> YOUR GOAL
List every line below containing "Premium".

> DATA PROVIDED

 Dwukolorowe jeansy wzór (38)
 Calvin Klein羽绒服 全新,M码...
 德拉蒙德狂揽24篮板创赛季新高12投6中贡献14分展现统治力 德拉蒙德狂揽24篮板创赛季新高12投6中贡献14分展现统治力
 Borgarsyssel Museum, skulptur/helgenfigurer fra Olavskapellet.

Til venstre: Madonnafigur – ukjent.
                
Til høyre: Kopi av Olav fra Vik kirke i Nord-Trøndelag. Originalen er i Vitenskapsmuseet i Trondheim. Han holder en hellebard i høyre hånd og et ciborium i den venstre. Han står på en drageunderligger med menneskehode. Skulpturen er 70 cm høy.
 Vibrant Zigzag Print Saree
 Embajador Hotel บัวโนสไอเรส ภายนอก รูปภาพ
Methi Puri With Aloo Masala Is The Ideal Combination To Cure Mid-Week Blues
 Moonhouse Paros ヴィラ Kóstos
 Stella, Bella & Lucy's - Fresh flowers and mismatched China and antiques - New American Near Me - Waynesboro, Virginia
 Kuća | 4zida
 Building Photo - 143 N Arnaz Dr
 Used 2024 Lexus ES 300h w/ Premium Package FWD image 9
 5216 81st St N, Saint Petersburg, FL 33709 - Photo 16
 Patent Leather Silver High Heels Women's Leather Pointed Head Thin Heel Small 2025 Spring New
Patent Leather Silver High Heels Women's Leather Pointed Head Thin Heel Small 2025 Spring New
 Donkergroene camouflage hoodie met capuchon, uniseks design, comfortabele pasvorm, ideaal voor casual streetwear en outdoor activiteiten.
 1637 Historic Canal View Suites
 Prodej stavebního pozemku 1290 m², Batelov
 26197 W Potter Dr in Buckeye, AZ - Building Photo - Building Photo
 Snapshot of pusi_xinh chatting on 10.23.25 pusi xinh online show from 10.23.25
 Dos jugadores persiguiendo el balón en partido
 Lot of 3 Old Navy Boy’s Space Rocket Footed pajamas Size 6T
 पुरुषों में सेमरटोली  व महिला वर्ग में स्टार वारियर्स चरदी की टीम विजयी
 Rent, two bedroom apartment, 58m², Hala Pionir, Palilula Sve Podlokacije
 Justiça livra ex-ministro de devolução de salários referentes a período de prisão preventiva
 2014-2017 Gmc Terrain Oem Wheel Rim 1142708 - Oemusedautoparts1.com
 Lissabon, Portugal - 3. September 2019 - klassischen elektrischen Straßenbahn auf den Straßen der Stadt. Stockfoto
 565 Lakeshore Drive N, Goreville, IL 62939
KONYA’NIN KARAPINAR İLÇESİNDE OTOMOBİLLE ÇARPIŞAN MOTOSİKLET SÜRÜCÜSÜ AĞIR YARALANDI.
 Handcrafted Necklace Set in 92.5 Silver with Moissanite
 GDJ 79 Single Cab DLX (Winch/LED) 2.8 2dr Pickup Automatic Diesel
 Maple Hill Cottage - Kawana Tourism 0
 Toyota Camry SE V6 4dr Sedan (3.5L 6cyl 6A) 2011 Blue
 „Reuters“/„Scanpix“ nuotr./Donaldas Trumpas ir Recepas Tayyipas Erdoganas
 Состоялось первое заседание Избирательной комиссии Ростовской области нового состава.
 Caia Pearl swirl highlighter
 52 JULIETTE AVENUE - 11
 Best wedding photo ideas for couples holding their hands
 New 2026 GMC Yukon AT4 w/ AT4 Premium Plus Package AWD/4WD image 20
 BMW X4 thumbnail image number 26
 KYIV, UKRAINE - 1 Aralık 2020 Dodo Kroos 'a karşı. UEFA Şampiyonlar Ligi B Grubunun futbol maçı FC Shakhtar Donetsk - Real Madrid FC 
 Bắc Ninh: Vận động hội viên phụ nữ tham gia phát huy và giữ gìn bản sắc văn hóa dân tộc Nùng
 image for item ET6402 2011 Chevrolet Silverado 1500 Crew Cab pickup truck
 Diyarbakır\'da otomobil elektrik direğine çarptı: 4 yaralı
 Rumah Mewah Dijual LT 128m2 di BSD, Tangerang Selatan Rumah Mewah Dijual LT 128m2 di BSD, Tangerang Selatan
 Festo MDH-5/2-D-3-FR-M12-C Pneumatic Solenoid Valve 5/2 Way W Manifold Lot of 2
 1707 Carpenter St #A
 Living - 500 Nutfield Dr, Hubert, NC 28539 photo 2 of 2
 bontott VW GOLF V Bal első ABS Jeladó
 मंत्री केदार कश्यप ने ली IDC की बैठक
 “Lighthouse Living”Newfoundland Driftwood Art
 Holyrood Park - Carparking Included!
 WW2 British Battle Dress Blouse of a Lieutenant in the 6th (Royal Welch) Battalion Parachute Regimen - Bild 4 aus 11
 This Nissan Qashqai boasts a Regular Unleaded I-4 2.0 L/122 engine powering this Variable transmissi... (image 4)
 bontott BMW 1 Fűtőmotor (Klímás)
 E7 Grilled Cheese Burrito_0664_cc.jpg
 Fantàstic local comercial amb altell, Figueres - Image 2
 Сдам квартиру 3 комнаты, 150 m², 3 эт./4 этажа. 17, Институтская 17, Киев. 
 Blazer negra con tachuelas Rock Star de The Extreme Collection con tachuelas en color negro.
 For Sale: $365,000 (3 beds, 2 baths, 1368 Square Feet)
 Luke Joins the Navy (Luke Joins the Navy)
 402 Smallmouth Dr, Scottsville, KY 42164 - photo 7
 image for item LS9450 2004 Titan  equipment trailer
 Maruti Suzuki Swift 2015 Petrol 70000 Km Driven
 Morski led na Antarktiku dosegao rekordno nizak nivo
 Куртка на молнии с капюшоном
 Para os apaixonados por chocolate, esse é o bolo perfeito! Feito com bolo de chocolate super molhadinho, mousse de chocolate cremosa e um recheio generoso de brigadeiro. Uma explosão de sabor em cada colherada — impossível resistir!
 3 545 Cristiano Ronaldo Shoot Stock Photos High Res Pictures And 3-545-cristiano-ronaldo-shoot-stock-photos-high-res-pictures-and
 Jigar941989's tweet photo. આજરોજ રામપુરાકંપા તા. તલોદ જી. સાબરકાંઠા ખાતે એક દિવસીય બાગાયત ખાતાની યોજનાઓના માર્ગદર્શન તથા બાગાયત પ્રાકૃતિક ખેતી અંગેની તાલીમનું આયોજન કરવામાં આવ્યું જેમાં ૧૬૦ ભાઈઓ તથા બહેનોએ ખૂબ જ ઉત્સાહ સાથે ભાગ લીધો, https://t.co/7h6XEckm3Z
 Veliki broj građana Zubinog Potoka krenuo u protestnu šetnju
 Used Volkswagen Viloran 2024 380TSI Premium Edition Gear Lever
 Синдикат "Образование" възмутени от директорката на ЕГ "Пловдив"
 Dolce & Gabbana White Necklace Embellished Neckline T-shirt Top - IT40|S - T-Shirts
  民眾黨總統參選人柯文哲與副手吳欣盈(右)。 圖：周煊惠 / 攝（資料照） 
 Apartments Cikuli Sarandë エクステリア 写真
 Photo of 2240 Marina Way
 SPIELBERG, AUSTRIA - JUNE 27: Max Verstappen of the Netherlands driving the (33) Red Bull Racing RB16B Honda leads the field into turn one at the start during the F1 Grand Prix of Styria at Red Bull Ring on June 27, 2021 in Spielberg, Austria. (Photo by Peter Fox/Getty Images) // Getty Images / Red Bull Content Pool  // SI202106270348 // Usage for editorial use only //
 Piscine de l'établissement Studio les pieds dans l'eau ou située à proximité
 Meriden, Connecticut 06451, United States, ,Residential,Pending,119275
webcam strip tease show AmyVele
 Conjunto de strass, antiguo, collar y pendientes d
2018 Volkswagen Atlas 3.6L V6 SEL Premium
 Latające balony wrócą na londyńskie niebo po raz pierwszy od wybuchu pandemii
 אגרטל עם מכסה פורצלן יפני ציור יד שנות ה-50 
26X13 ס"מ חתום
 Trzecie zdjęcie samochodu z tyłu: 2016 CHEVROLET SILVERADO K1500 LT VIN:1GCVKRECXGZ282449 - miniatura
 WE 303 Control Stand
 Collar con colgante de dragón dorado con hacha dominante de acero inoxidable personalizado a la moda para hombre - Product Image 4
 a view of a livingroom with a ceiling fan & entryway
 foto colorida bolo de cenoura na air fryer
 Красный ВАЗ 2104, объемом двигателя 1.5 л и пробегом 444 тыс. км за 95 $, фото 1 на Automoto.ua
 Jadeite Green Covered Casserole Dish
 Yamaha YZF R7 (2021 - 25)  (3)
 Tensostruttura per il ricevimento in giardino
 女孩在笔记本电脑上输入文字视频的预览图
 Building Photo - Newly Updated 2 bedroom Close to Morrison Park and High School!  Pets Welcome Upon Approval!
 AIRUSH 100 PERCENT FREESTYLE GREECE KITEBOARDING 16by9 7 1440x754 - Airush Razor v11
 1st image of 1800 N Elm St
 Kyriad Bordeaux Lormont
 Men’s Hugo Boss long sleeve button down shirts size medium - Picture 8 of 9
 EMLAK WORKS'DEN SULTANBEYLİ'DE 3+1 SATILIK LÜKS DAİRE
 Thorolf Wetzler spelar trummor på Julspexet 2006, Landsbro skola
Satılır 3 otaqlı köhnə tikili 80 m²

> YOUR RESPONSE
 Used 2024 Lexus ES 300h w/ Premium Package FWD image 9
 New 2026 GMC Yukon AT4 w/ AT4 Premium Plus Package AWD/4WD image 20
 Used Volkswagen Viloran 2024 380TSI Premium Edition Gear Lever
2018 Volkswagen Atlas 3.6L V6 SEL Premium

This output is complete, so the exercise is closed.